The answer is also in the story of Korach. Surely, he was not the first of the Israelites to rebel against Moses. Other stories of dissatisfaction and rebellion abound in the Torah – the Golden Calf, the desire for meat, fraternizing with pagan tribes. But Korach gets mentioned because he used his position of respect in the community to take advantage of irrational fears. Korach has drawn a picture of himself as the central leader, the arbiter of truth, the credible source. And worse – he has offered no solution to his complaints. He has merely invented their cause.

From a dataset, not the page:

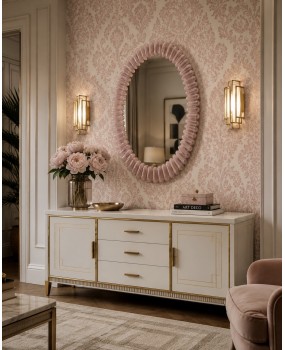 Specchio Ovale in Vetro Artistico Rosa di Murano e Ottone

Saudi prejudice against Israel and Jews is wrong, and ought to be opposed. Likewise, hate-mongering about Muslims is wrong and ought to be opposed. In our complicated world, people sometimes look for small symbolic actions that they think can address large problems. Unfortunately, the symbolism of those actions is about the sum total of their effectiveness – and often they are instead counterproductive.
When the Federation of Jewish Men's Clubs called for the boycott of single-malt Scotch from an area in Scotland where the local council had voted to support boycott, divestment and sanctions against Israel, they included the one distillery that had proactively sought kosher supervision as a service to the Jewish community. BDS should be opposed; substituting a different brand of Scotch would not do it, but it makes people feel very virtuous. (One correspondent of mine likened it to opposing the Nazis.)
And mounting an attack on one major US airline that offers non-stop and other direct flights to Israel may seem like a very principled stance, but it will not impact Saudi policy and may, instead, diminish traffic to Israel and reduce the number of available flights. But it gives voice to righteous indignation.
There is good reason to be alert in our world. There are serious dangers to people of good will, and still more than enough anti-Jewish sentiment to go around. But those who substitute hysteria and half-truths for information and who recommend storming airline ticket counters as the solution are the very people who keep Korach on the loose.